William R Boone HS (84.400) 12th

William R Boone High School’s production took minimalism to a whole new level by not using a soundtrack or a tarp. Performers relied on the peers around them to have a successful run, and through grunts and exclamations, the performers communicated necessary cues. Ensemble statements within this show were incredibly impressive, with no consistent counts to rely on, and the team was not only successful, but phenomenal in their ensemble flag statement. This show was a remarkable challenge, but William R Boone HS made something truly special from it. 

Choctaw HS (83.450) 13th

“The Weight of Waiting” was a thoughtful program with careful intricacies woven into the show's design. The maroon and orange tarp with matching flag silks and complimentary uniforms tied together the ensemble, and platforms circling the floor acted as the primary props. While the whole show was excellent in skill, the closing flag ensemble surrounding a soloist in a headstand was a remarkable statement that stunned the audience. 

Greenwood Community HS (83.300) 14th

Greenwood Community High School’s program, “Golden Slumbers” was a skillful presentation of both equipment work and movement. The floor was adorned with three large rocking chairs upon which the ensemble performed tricks and demonstrated their elegant and flowing movement. The performers’ purple and gold uniforms enhanced the tarp, decorated with colorful stars and cursive lyrics to the titular song by The Beatles.

Centerville HS (83.100) 15th

Centerville High School’s “Nomi Now” was a complex show based on the work of Klaus Nomi, a well known singer with a unique stage personality.
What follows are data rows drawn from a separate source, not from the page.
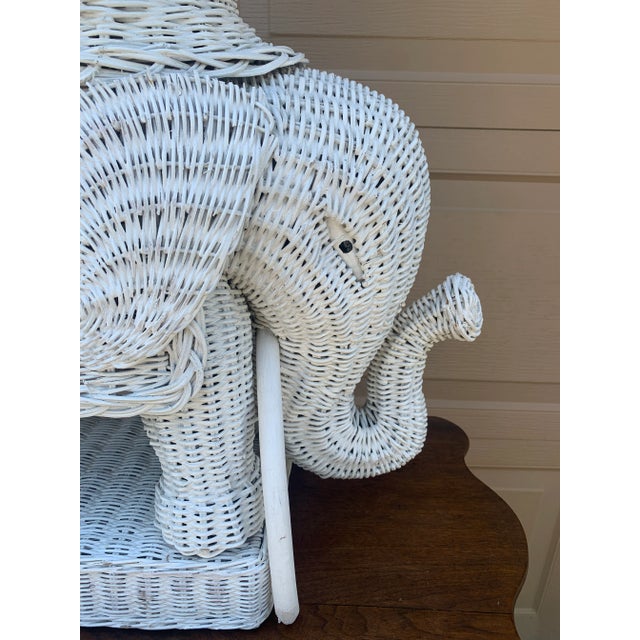 Wicker Rattan White Elephant Garden Stool or Side Table, 1970s For Sale - Image 4 of 12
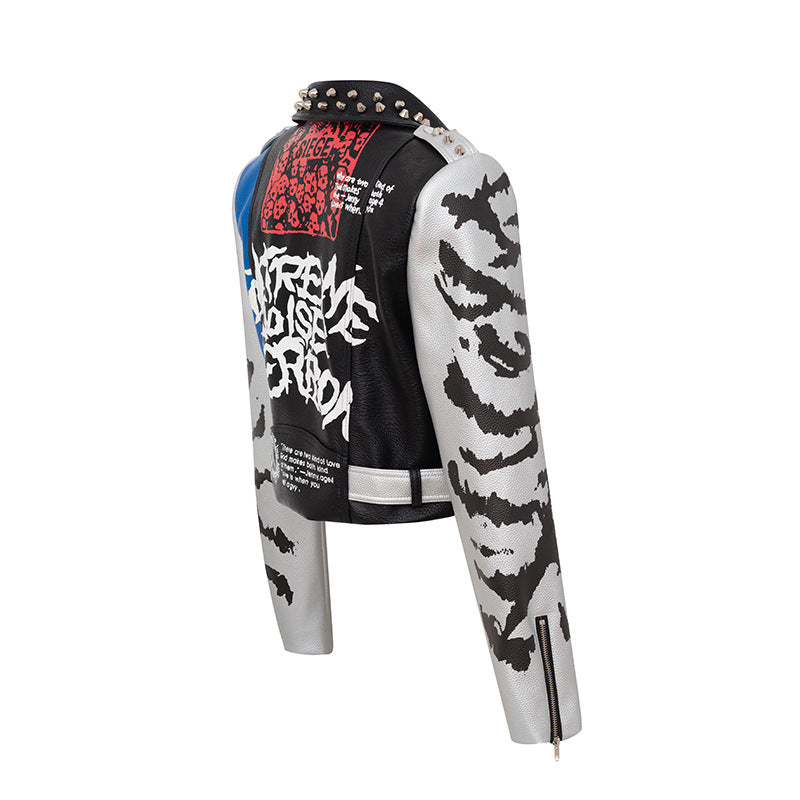 Women's Leather Jacket Biker Motorcycle Coat Printed Coat Contrast Color Coat Women's Slim-Fitting Biker Leather Coat Women's Top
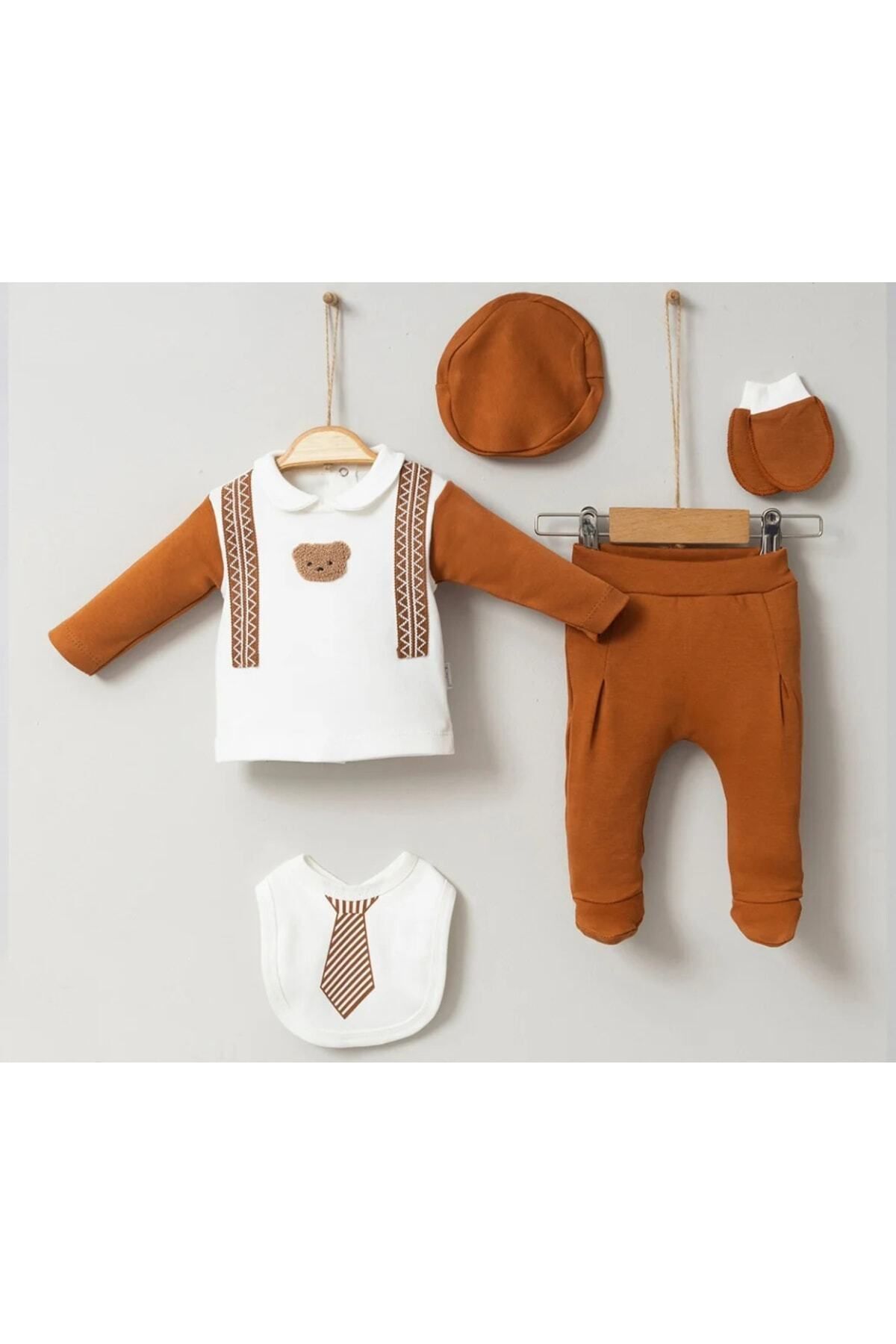 ست نوزادی پسرانه قهوه ای Cherub Baby | 222824hastaneçıkış اورجینال - تصویر 2
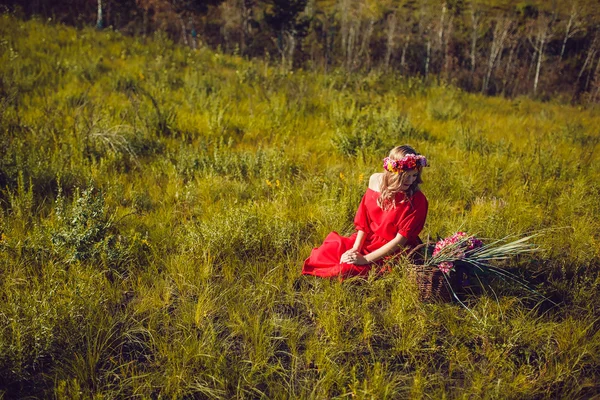 Chica en el vestido rojo está caminando en el campo —  Fotos de Stock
An illustration of Nomi adorns the tarp and uniforms, and performers begin the show with umbrella-like props that remain a focal point of the show. Equipment was introduced in atypical methods, with performers often spinning two pieces of equipment at once, including flags tied together by the silks. Centerville’s unique performance and masterful equipment execution made this show one to look out for.